▶ [MATERIALS PROVIDED]:
════════

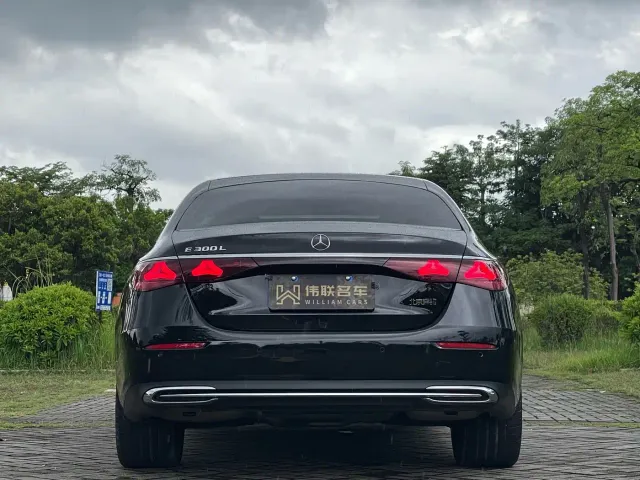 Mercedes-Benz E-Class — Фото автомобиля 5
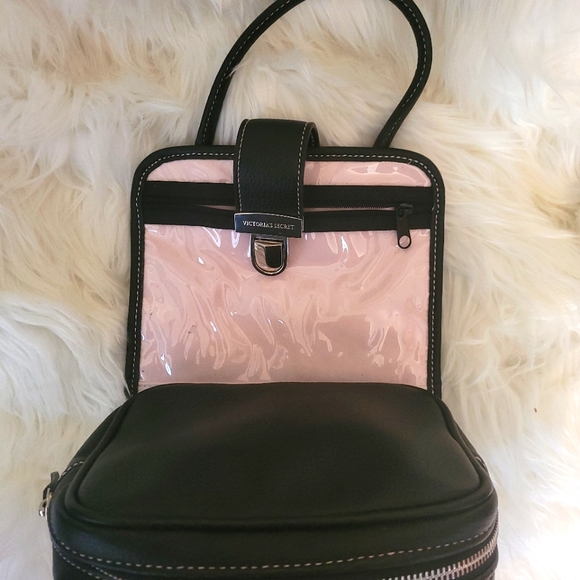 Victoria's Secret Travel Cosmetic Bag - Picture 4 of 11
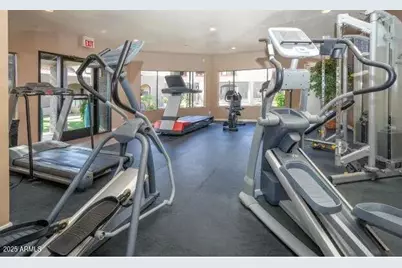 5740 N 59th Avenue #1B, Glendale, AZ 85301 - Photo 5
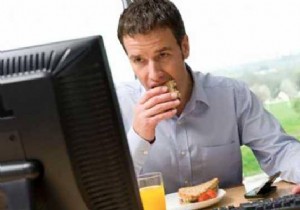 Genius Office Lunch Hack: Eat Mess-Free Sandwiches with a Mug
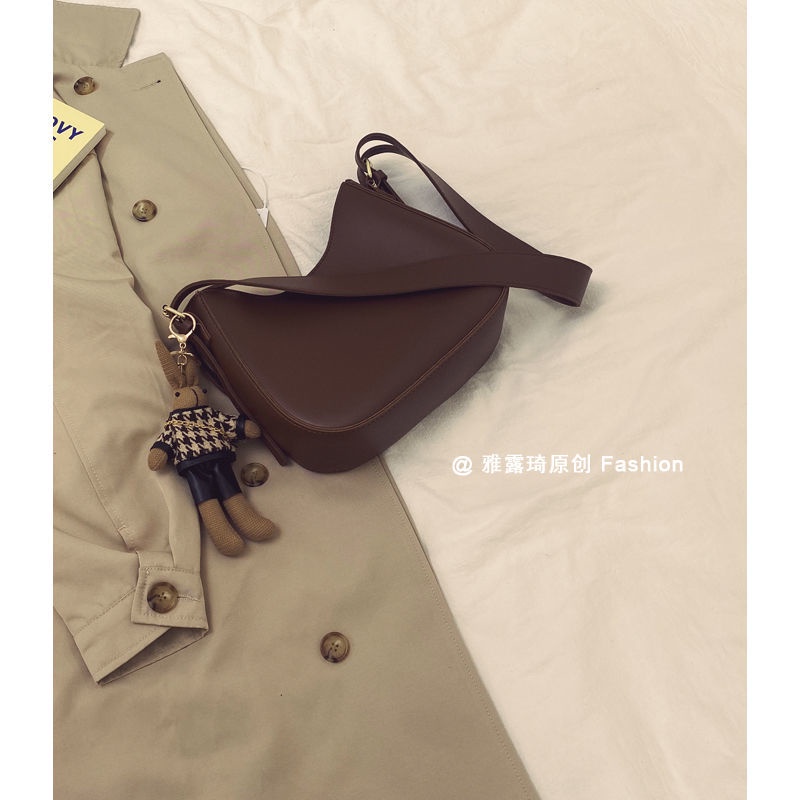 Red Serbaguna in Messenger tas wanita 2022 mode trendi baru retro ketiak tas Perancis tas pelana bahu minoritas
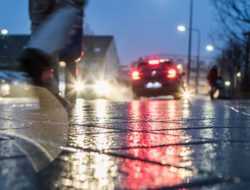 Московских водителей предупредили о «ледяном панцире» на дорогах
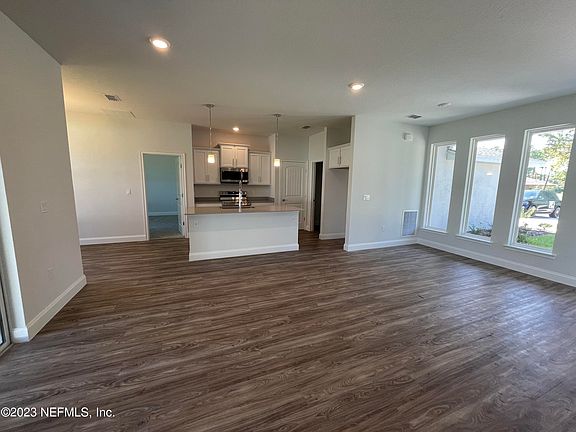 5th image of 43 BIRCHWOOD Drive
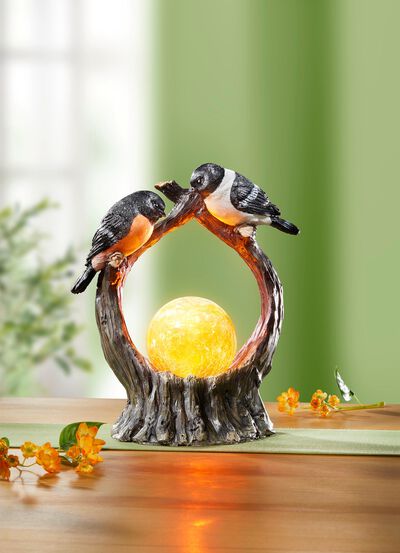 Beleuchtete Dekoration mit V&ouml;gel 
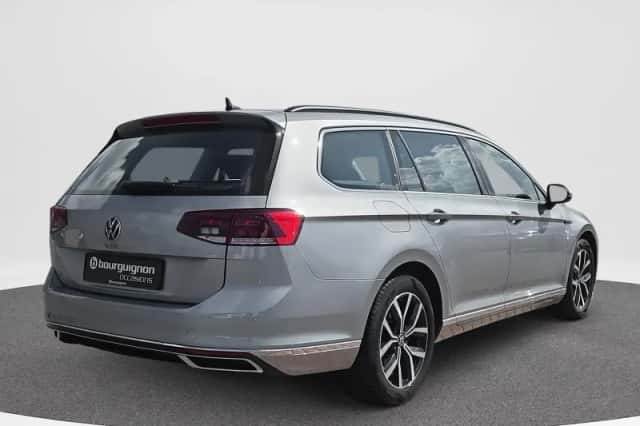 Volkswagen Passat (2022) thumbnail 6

════════

▶ [WHAT YOU WILL DO]: Every line from the one with "Московских водителей предупредили" through the last line of the listing above must be written out exactly, and no picture may appear.

▶ [RESPONSE TO THE EXERCISE]:
 Московских водителей предупредили о «ледяном панцире» на дорогах
 5th image of 43 BIRCHWOOD Drive
 Beleuchtete Dekoration mit V&ouml;gel 
 Volkswagen Passat (2022) thumbnail 6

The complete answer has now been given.